While banks might be the first port of call for small business finance for many companies, that’s not to say there aren’t other options out there. While many SMEs might not have heard of invoice financing, invoice discounting or factoring, it’s an important option that could offer a flexible and secure funding solution. That’s not to say it’s a new idea, however.
A Brief History of Factoring
The general concept of factoring originated over two hundred years ago, across the pond in the United States.
It wasn’t until the 1960s that the first factoring lenders were operating in the UK. The image of factoring as a last resort has now been thoroughly shed – it’s a solution that’s ideal for companies with bulging order books, looking to expand, as well as those who are in the middle of tough times and need that extra bit of cash flow.
This positive image of factoring and invoice finance was mainly catalysed by the formation of the Association of British Factors (ABF), which was formed in 1976. By this time, many mainstream banks had bought into the whole concept of giving businesses funding against their unpaid invoices, and it was seen as a reputable and smart way of raising capital.

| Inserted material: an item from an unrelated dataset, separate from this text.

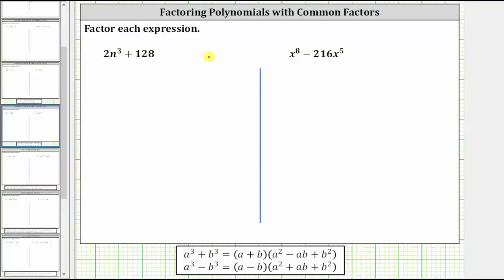We are asked to factor each expression completely. The first expression is two n cubed plus 128. It's important to remember the first step in any factoring problem is to factor out the greatest common factor. Here the greatest common factor is two. If it's helpful, we can rewrite the expression as two times n cubed plus two times 64.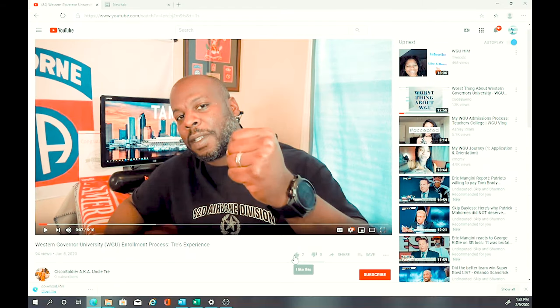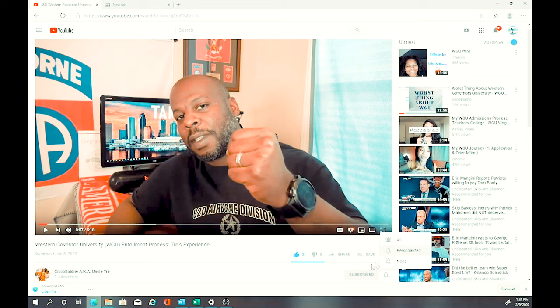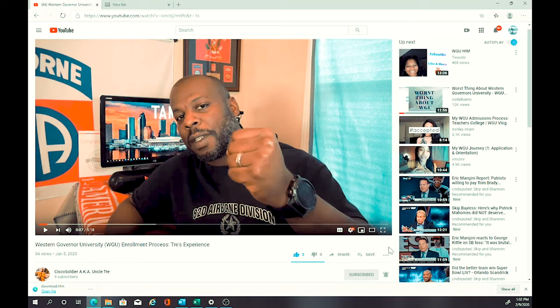Hey guys, if you'd like to support the channel, I appreciate it if you like, comment, and subscribe, plus hit that notification bell to see all further uploads from Cisco Soldier, a.k.a. Uncle Dre.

Invoice Discounting Enters the Market
In the 1980s, invoice discounting was born. It’s largely similar to factoring, although the company continues to chase customers for payment rather than the factoring lender doing so, which is the case with factoring itself. This lets those who are careful with their customer relations stay in control, raising extra capital without letting a thrid party interact with customers.
During the 1980s, growth in invoice discounting outdid that of factoring, achieving growth figures of 20%. There were many new entrants to the market, especially from overseas, giving companies more options of who to borrow from. It’s still important to choose a reputable lender, such as Select Factoring, who pride themselves on offering low fees and an affordable route to financing.
So, if your business is looking for a flexible, efficient and secure way of freeing up cash flow, invoice finance could be an option. Though it’s not a new idea, it’s definitely one that’s looking to be the next big thing.